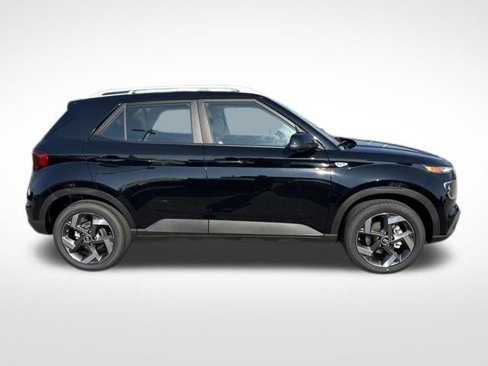 New 2025 Hyundai Venue SEL image 6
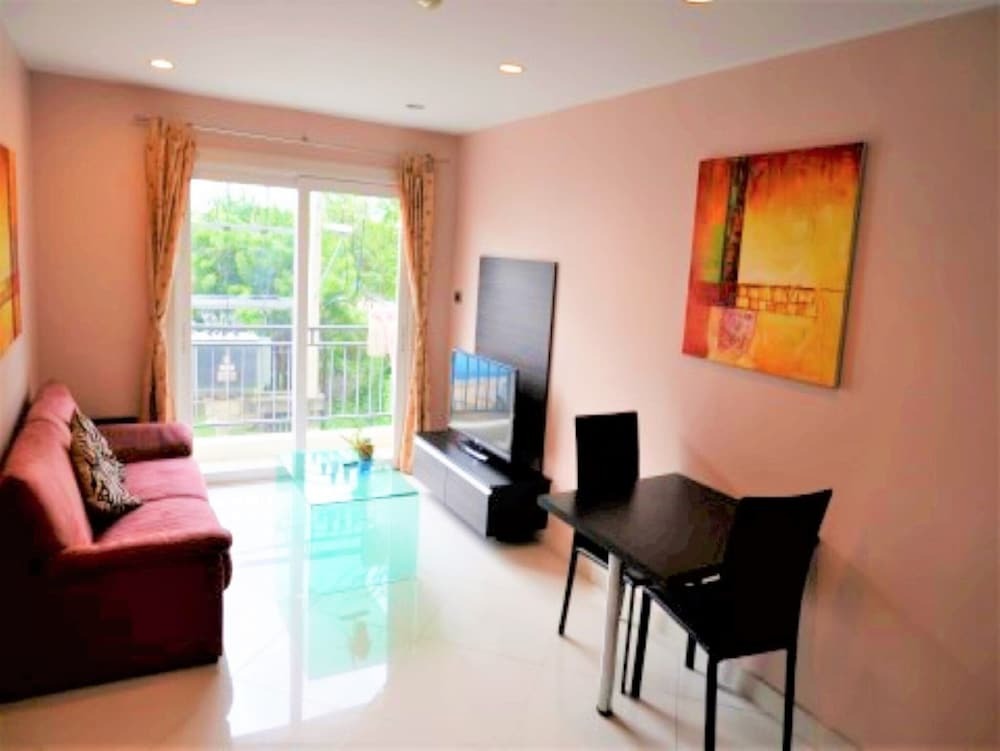 Паттайя: Park Lane Resort Jomtien - 3rd Floor Condo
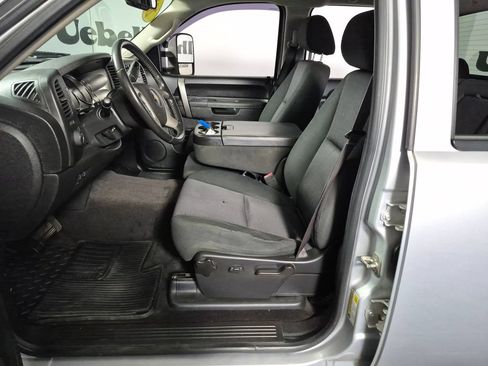 Used 2013 Chevrolet Silverado 2500 LT w/ Interior Plus Package AWD/4WD image 9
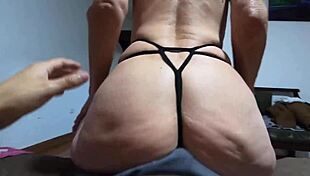 Una abuela fetichista de latex hace cardio con uno de sus amigos jovenes del gimnasio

- **REQUIRED ACTION**: Beginning with the line that holds "Used 2013 Chevrolet" and ending with the last line of the material above, extract every line exactly, pictures excluded.

- **OUTPUT FOR THIS EXERCISE**:
 Used 2013 Chevrolet Silverado 2500 LT w/ Interior Plus Package AWD/4WD image 9
 Una abuela fetichista de latex hace cardio con uno de sus amigos jovenes del gimnasio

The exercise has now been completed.